California: Beyond cars?

Air pollution and Zero Emission Vehicles

While geology played a role in kick-starting Southern California’s love affair with the automobile, geology also contributed to the region’s potent stew of polluted air. Dramatic, snow-capped mountains ring many of California’s cities and towns, and these mountain ranges tend to trap air in the regions’ valleys, in a process known as inversion.

When cars and industry release hydrocarbons, particles, and other emissions, these materials get trapped in this meteorological inversion; when this combination reacts with sunlight, it often results in photochemical smog. The problem of smog in Los Angeles was far worse than in most other cities, due to the size and frequency of its inversions and the massive number of vehicles involved. Often, it was bad enough to cause a public health crisis in Los Angeles as well as in towns of the central valley.

Smog and its attendant health concerns were key influences in the development of the Clean Air Act. The act itself was signed in 1970 by a president—Richard Nixon—whose hometown of Whittier, California, had some of the dirtiest air in the region.

The act contained a provision that gave California the authority to regulate tailpipe emissions on its own. Consequently, the California Air Resources Board was able by 2010 to squeeze tailpipe emissions down to one percent of what a typical car’s exhaust had been in 1970 (Sperling and Gordon, 2009). Regulators were emboldened by this success to push even further.

For a variety of reasons, including the rising costs of labor in California, automakers that had assembled cars in the state after the war closed these factories. But the closings turned out to have a silver lining, because they weakened the influence of Detroit’s carmakers over regulators and legislators. In addition, Californians developed a taste for smaller, more fuel-efficient, international cars, especially those made by the Japanese. Ironically, the all-electric Tesla sports car is made in a former General Motors factory in Fremont, California, that had closed its doors in 2010.

These factors also led to an interest in electric vehicles. In the 1980s, visionary aeronautics engineer Paul MacCready (who also built the first human-powered airplane to cross the English Channel) put together a “skunk-works” team of electrical engineers at General Motors/Hughes, where they developed the Impact—an ultra-light, fast, advanced, alternating-current propulsion vehicle that used lead-acid batteries to drive about 100 miles before needing to be recharged. Famously, GM’s Roger Smith bragged about the vehicle on Earth Day in 1990, which encouraged a group of California Air Resources Board engineers, impressed with the Impact’s zippy performance, to formulate a mandate for a Zero Emission Vehicle (ZEV).

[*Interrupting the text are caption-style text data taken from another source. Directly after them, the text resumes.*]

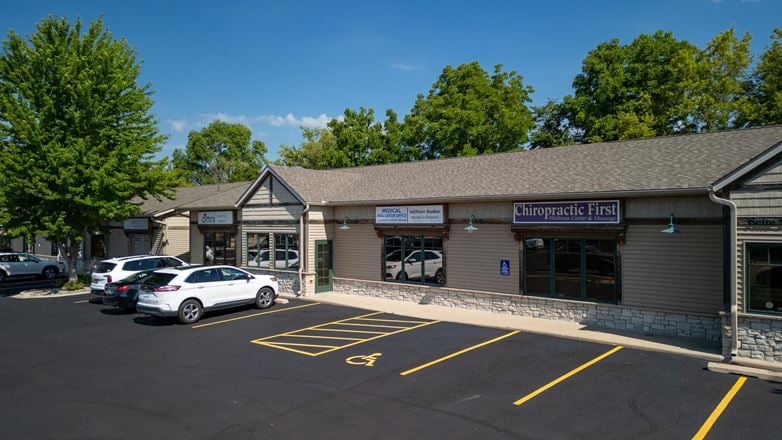 Professional Office Space For Lease in the Highlands
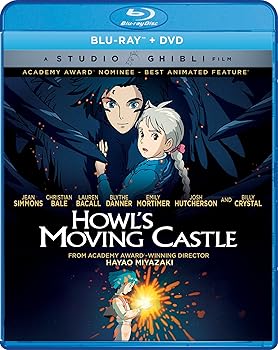 【中古】Howl's Moving Castle Blu-ray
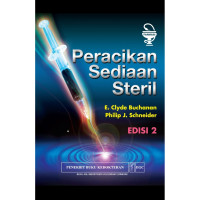 Peracikan Sediaan Steril Ed.2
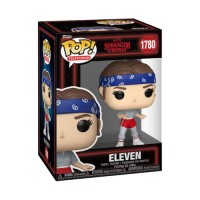 Фігурка Funko Pop Stranger Things Одинадцять з банданою (75750)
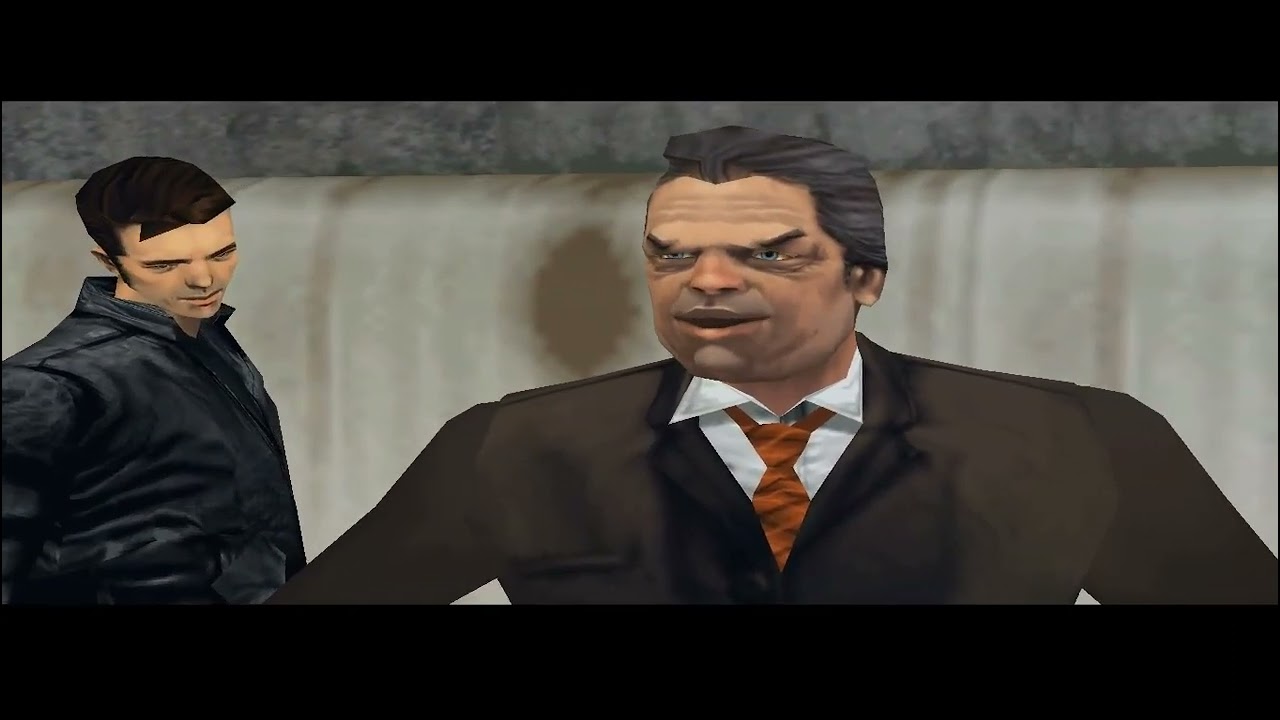 تختيم GTA 3 الحلقة : 7 سرقة سيارات رياضية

The mandate required the six major vehicle manufacturers to sell two percent of their vehicles as ZEVs by 1998, increasing to five percent by 2001 and 10 percent in 2003 (Collantes, 2006). These requirements led to a decade of raucous debates and hearings, followed by a trial rollout of electric vehicles in the late 1990s. But a general release was postponed at the end of the decade due to automakers’ arguments that the batteries were not capable, California drivers not willing, and the cars not profitable. GM scrapped its EV1, taking the cars back from their devoted owners—who in revenge inspired a movie called “Who Killed the Electric Car?” ¹

This experience seeded a grassroots movement among electrical engineers and a cadre of consumers—some in the Hollywood set—dedicated to the idea that the ZEV was possible. Innovation was afoot. Additionally, some carmakers continued to bring out alternatives; Toyota and Honda sold the first hybrid vehicles, starting in Japan and then California. (Hybrids have drivetrains that combine gasoline-powered internal combustion components with electric drive components but cannot plug into the electrical power grid.) Independently of each other, German automaker Daimler and US maker GM moved toward hydrogen fuel cell vehicles as the next solution.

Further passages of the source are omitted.